Le terme « escroc » est l'abréviation de « personne de confiance » et désigne quelqu'un qui abuse de la confiance d'autrui en le trompant. William Thompson, l'un des premiers escrocs au monde, est considéré comme le « premier escroc ». Il opérait en feignant de connaître des personnes fortunées et en leur demandant de lui confier leurs montres, en leur disant : « Me faites-vous suffisamment confiance pour garder votre montre jusqu'à demain ? » C'est ainsi que les escrocs ont été nommés.

L'histoire regorge d'escrocs ingénieux qui ont usé de leur ruse pour soutirer de l'argent à leurs victimes, parfois au péril de leur vie. Voici une liste des 10 escrocs les plus brillants, devenus célèbres pour leurs arnaques.

1. James Hogue, un ancien détenu, petit voleur et imposteur, entra à l'université de Princeton à l'âge de 31 ans, où il perdit frauduleusement sa bourse. Démasqué, il se fit embaucher comme catalogueur au musée de Harvard et déroba pour 50 000 dollars de bijoux.

James Hogue
Source de l'image : dailymail.co.uk

En septembre 1985, James Hogue, âgé de 25 ans, usurpa l'identité de Jay Mitchell Huntsman, un garçon de 16 ans décédé en bas âge, afin de s'inscrire au lycée de Palo Alto. Un mois plus tard, après avoir remporté la course de cross-country du Stanford Invitational, il ne se présenta pas à la cérémonie de remise des prix, ce qui éveilla les soupçons. Lorsqu'un journaliste révéla sa véritable identité et la supercherie, il fut contraint de quitter la ville.

Mais même après cela, il a continué à usurper des identités. Pour intégrer la prestigieuse université de Princeton, il s'est fait passer pour Alexi Indris-Santana, un habitant de l'Utah vivant dans le Grand Canyon et étudiant la philosophie. Il a également prétendu être éleveur de moutons. Son histoire lui a non seulement permis d'entrer à Princeton, mais aussi d'obtenir une bourse.

Inventant une nouvelle histoire rocambolesque sur sa mère mourante, il demanda à Princeton de reporter son admission d'un an afin de pouvoir être à ses côtés. En réalité, Hoag était en prison pour vol de matériel de cyclisme. Condamné à cinq ans de prison, il n'en purgea jamais la totalité, puisqu'il partit immédiatement pour Princeton neuf mois après sa libération conditionnelle.

Durant ses deux années à Princeton, Hogue devint membre d'un club étudiant prestigieux et participa à des compétitions d'athlétisme. Il aurait obtenu son diplôme sans l'intervention d'une ancienne camarade de classe, Renee Pacheco, originaire de Palo Alto. Celle-ci contacta le même journaliste qui l'avait initialement dénoncé, et celui-ci publia un nouvel article à son sujet. Les révélations du journaliste Jason Cole menèrent à l'arrestation de Hogue en février 1991.

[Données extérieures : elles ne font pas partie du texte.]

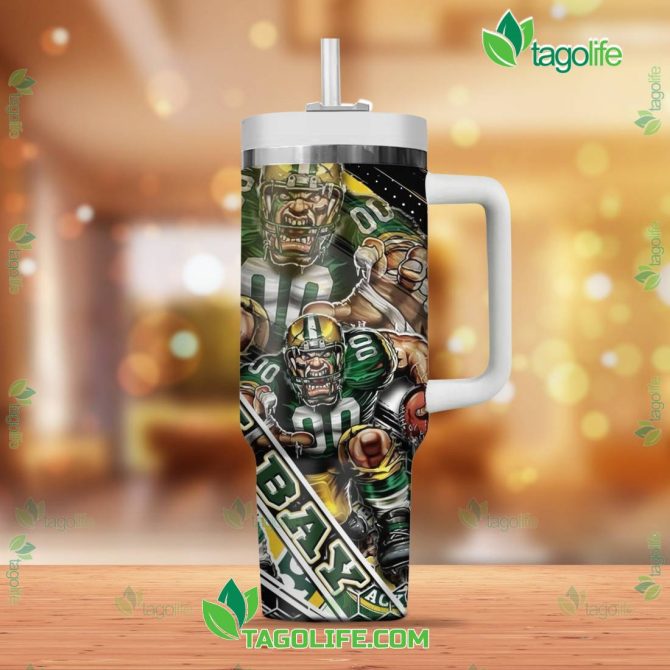 Green Bay Packers Nfl Custom Stanley Quencher 40Oz Stainless Steel Tumbler With Handle - Image 3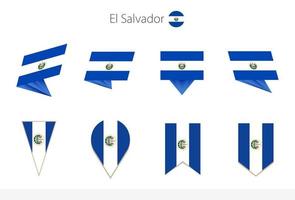 el Salvador nationaal vlag verzameling, acht versies van el Salvador vector vlaggen.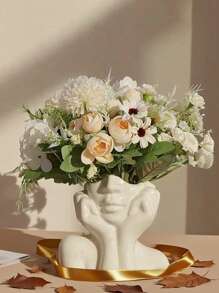 One Artistically - Designed Vase In The Shape Of A Woman With Hands Cupping Her Face. It's Simple Yet Stylish, With A Uniquely Charming Hand - Cupping - Face Design. Ideal For Arranging Fresh Or Artificial Flowers, And Can Also Be Used For Storing Cosmetics. Suitable For Decorating Living Rooms And Bedrooms All Year Round, A Must - Have For Daily Home Decor. Room Decor Flower Vase Glass Vase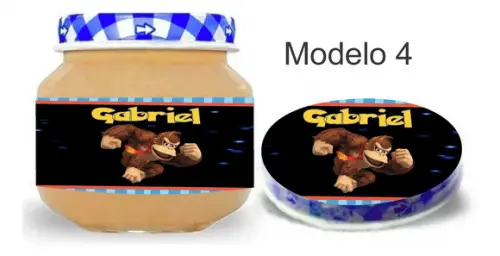 Rótulo Papinha + Adesivo Tampa -donkey Kong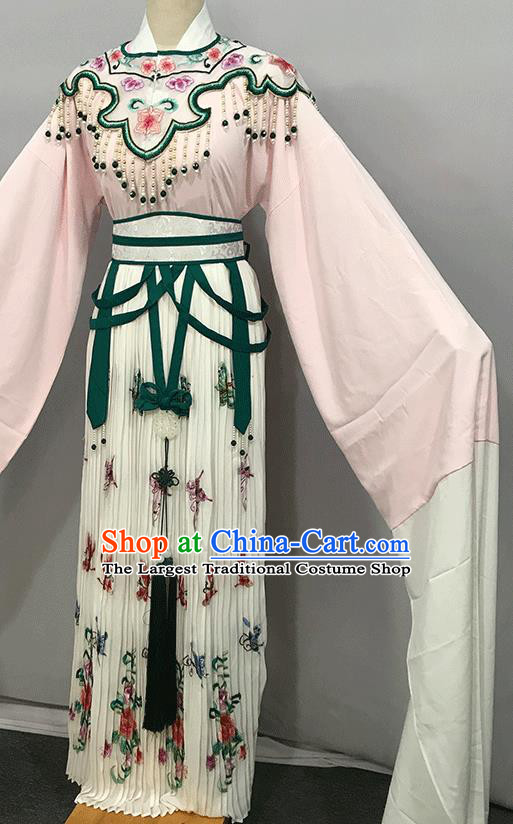 China Peking Opera Goddess Clothing Ancient Princess Garment Costumes Traditional Shaoxing Opera Actress Light Pink Dress Outfits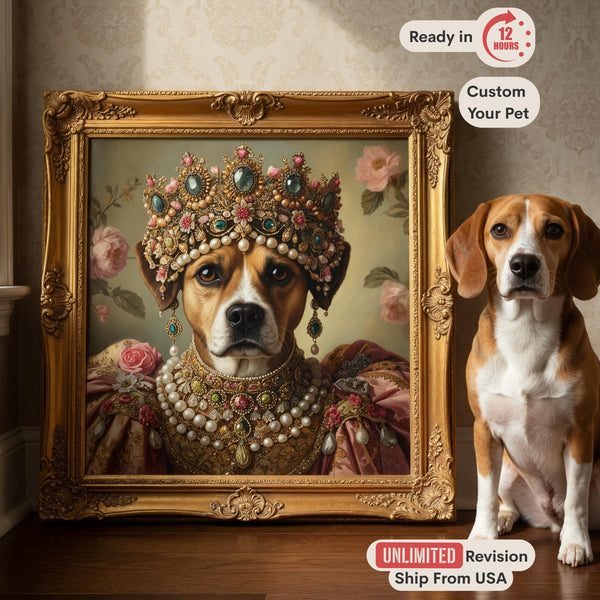 Royal Dog Portrait, Custom Queen Pet Painting, Regal Cat Art from Photo, Funny Pet Gift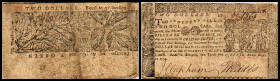 Colonial Currency
USA, Maryland. 2 Dollar, 1774. Serie -.
Pick S 977, Newman 173.
Klebereste im Rv.
IV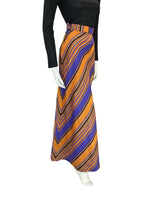 VTG 70S STRIPED PURPLE ORANGE GOLD BLACK GEOMETRIC PARTY MAXI SKIRT SIZE 2/4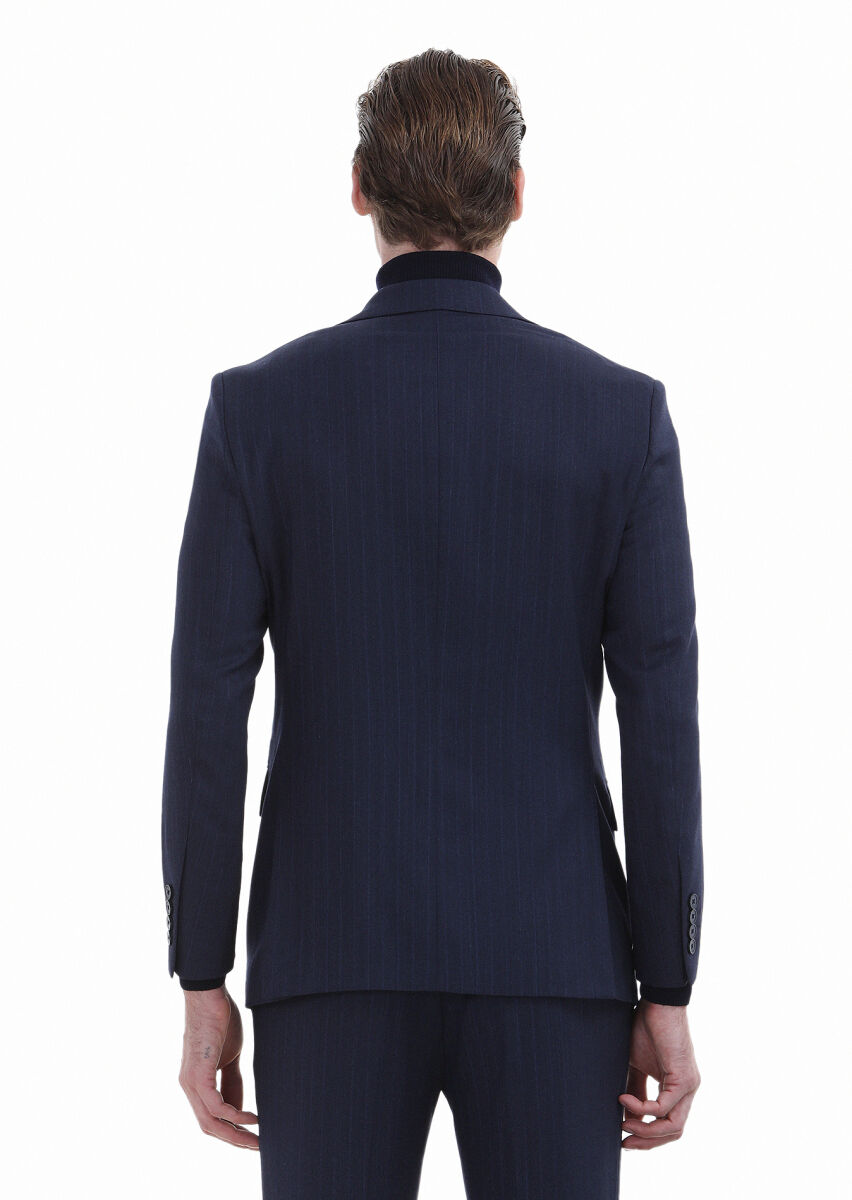 Navy Blue Striped Modern Fit Wool Blended Suit - 6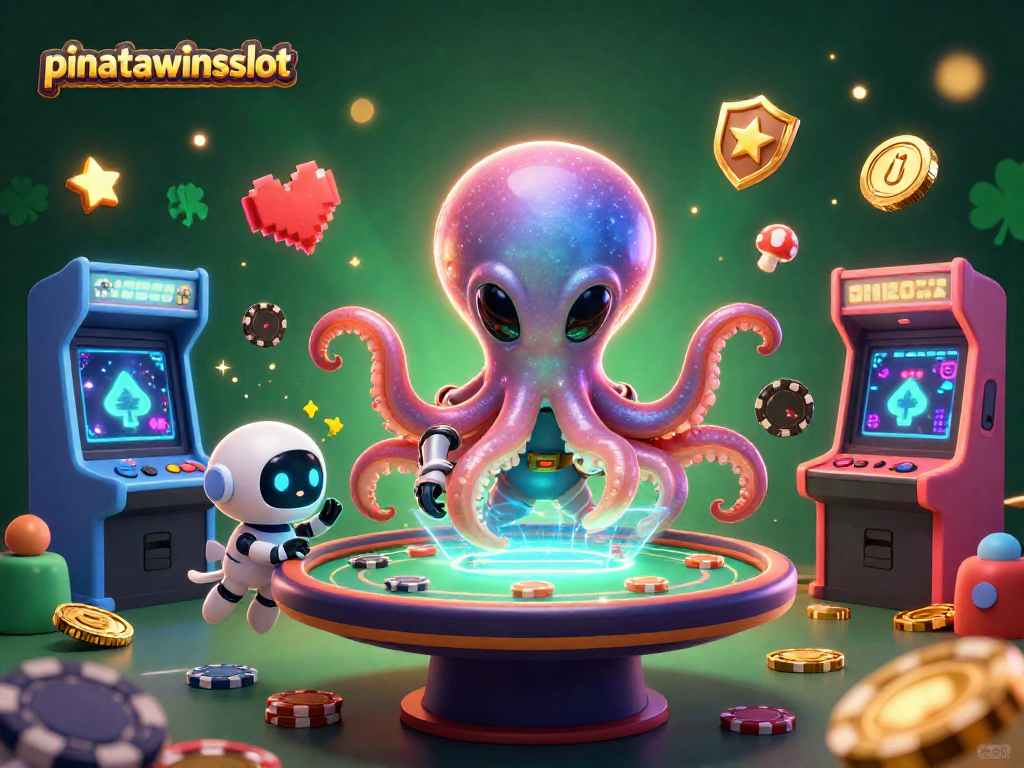 Win big with pinatawinsslot in a vibrant 3D gaming scene featuring alien characters.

Il n'a purgé que 134 jours de prison. En 1992, il a poursuivi ses « aventures » et, alors qu'il travaillait comme catalogueur au Musée minéralogique de Harvard, il a dérobé pour 50 000 dollars de pierres précieuses et autres spécimens. Arrêté à plusieurs reprises, il a violé sa liberté conditionnelle en retournant à Princeton sans s'enregistrer, cette fois sous l'identité d'un écrivain nommé Jim MacArthur.

Finalement arrêté en 1996 et purgeant sa peine, il disparaît de la vie publique en 1997. Un film documentaire a été réalisé sur sa vie, intitulé «"Arnaqueur". Il a continué à voler tout au long de sa vie, plus récemment en construisant illégalement une « cabane camouflée » à partir de matériaux volés sur Aspen Mountain. (source)

2. Victor Lustig était l'homme qui a vendu la tour Eiffel à la ferraille à deux reprises. Il utilisait 47 pseudonymes, possédait des dizaines de faux passeports et avait même rédigé des règles pour les apprentis escrocs, qu'il appelait les « Dix commandements de l'escroquerie ».

Victor Lustig
Source de l'image : Une page d'un journal de Philadelphie datant de 1935/Wikimedia

Victor Lustig, surnommé « le plus grand escroc d'Amérique », était magicien à ses débuts. Célèbre pour avoir vendu la tour Eiffel à la ferraille à deux reprises à la fin de la Première Guerre mondiale, il se faisait passer pour un fonctionnaire du gouvernement français et utilisait même du papier à en-tête portant le sceau de l'État. Il écrivait aux personnalités les plus influentes du secteur du recyclage des métaux en France, les invitant à une réunion à l'hôtel Crillon. Il invoquait des « défauts techniques », des « problèmes politiques secrets » et des « réparations coûteuses » pour justifier la vente de la tour Eiffel. Avec son charme habituel, il ajoutait que le monument serait vendu au plus offrant. Il a réitéré l'opération à deux reprises.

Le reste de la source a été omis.